My intention was to make a method analogous to ActiveRecord's find_by_ dynamic finder.

... you are approaching Core Data from the wrong perspective. Active Record is largely an object wrapper around SQL to make it easier to integrate existing SQL servers with Ruby on Rails. As such it is dominated by procedural SQL concepts.

That is the exact opposite approach used by Core Data. Core Data is first and foremost an object graph management system for creating the model layers of a Model-View-Controller app design. As such, the objects are everything. E.g. It is even possible to have objects without attributes, only relationships. Such objects can have very complex behaviors as well. That is something that really doesn't exist in SQL or even Active record.

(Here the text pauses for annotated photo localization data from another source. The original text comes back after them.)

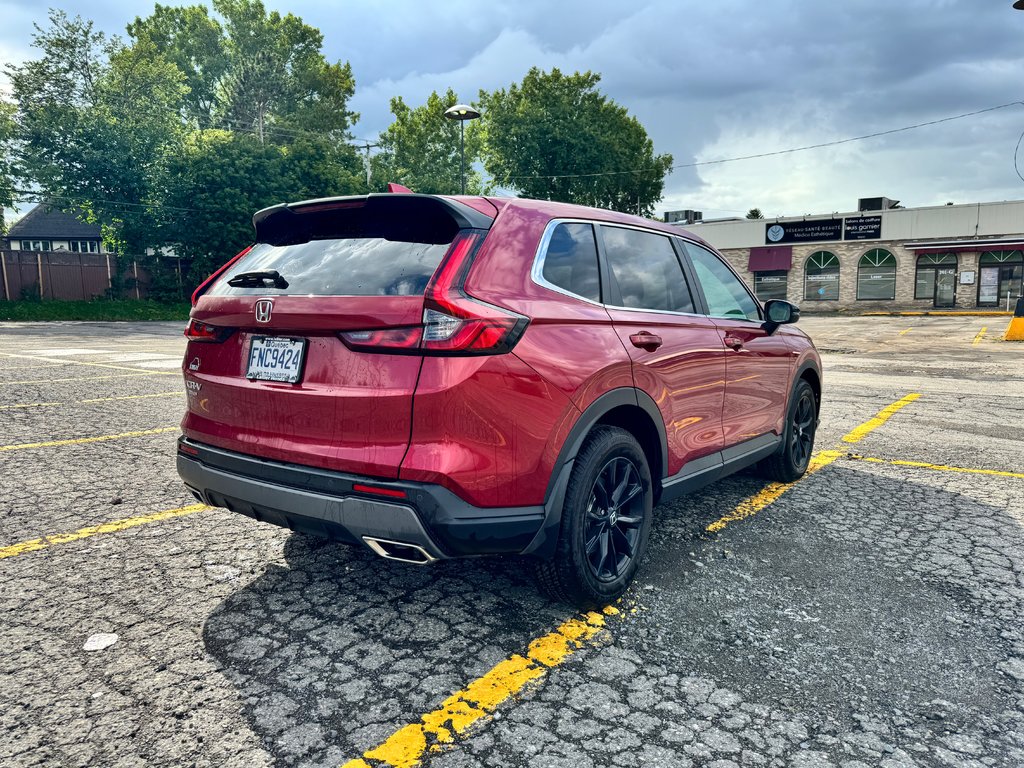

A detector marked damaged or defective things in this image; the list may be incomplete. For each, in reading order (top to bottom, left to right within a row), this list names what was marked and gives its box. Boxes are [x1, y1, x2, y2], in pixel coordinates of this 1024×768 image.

cracked asphalt [2, 316, 1024, 764]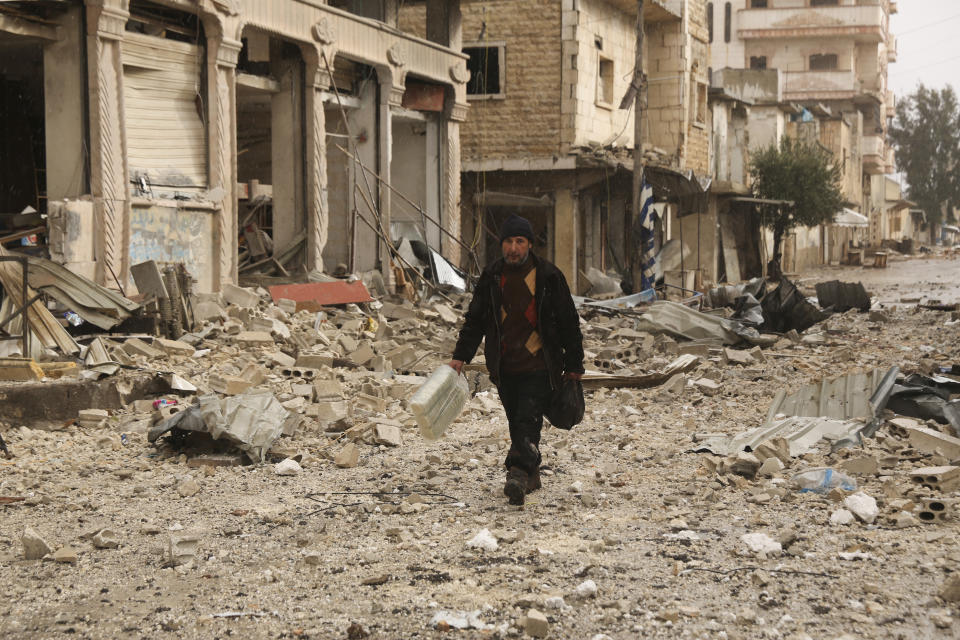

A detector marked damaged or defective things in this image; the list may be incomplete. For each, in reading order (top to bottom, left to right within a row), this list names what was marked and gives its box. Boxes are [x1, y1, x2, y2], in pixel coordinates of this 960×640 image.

broken window [464, 44, 506, 98]
broken window [596, 57, 612, 109]
broken window [808, 53, 836, 70]
damaged building [0, 0, 468, 292]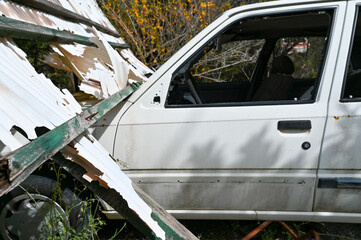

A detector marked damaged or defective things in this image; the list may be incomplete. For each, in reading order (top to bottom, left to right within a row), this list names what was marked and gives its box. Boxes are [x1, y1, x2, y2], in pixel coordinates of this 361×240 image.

rusted metal edge [0, 15, 128, 48]
rusted metal edge [10, 0, 121, 37]
rusted metal edge [0, 82, 140, 197]
rusted metal edge [52, 152, 197, 240]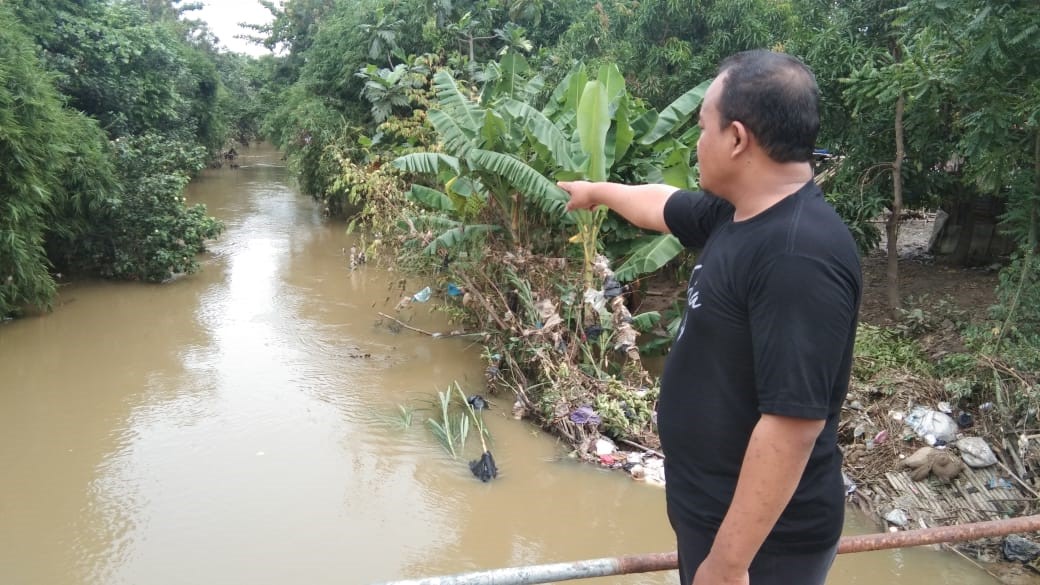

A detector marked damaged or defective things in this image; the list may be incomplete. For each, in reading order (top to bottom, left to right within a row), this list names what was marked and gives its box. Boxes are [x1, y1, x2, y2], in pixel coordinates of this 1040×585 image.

rusty pipe railing [374, 514, 1040, 582]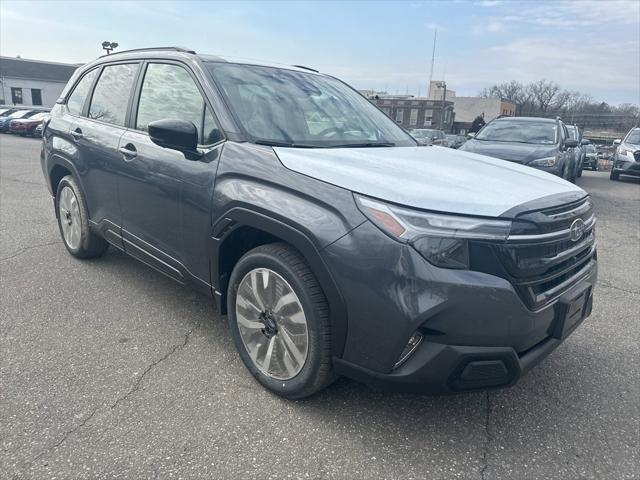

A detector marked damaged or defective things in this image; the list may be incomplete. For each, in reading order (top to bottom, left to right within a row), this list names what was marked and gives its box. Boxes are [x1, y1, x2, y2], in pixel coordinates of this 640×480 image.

parking lot crack [109, 320, 200, 410]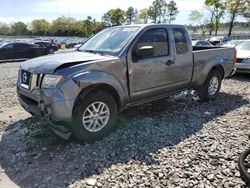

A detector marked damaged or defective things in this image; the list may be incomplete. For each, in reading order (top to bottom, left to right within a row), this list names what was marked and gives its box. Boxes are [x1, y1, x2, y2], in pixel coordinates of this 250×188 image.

crumpled hood [20, 52, 116, 74]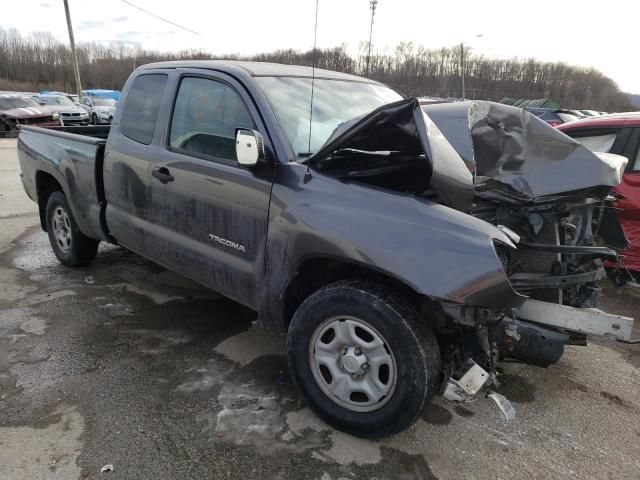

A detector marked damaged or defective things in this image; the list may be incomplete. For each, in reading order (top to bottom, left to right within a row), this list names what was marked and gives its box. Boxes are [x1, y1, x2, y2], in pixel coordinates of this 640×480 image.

crumpled hood [308, 97, 628, 210]
damaged front end [308, 96, 632, 412]
detached bumper [516, 300, 636, 342]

It is quite possible to have an arbitrary number of objects with the exact same attributes. This makes the method you are trying to create worthless and dangerous because you will never know which object you will get back. That makes it a "chaotic" method. If you have several objects with the same attribute, the method will arbitrarily return any single object that matches attribute value provides.

If you want to identify a particular object, you need to capture the object's ManagedObjectID and then use -[NSManagedObjectContext objectForID:] to retrieve it. Once an object has been saved, its ManagedObjectID is unique.

However, that feature is usually only used when you have to refer to objects in different stores or even different apps. There is usually no point otherwise. In using Core Data you are looking for objects based not only on their attributes but also their position i.e. their relationship to other objects, in the object graph.

Let me copy and paste some very important advice: Core Data is not SQL. Entities are not tables. Objects are not rows. Columns are not attributes. Core Data is an object graph management system that may or may not persist the object graph and may or may not use SQL far behind the scenes to do so. Trying to think of Core Data in SQL terms will cause you to completely misunderstand Core Data and result in much grief and wasted time.

It's natural to try and program a new API using the designs of an API you are already familiar with but it is a dangerous trap when the new API has a substantially different design philosophy from the old API.

If you find yourself trying to write a basic and fundemental function of the old API in the new one, that alone should warn you that you are not in sync with the new APIs philosophy. In this case, you should be asking why if a generic findByAttribute method was useful in Core Data, why didn't Apple supply one? Isn't more likely you've missed an important concept in Core Data?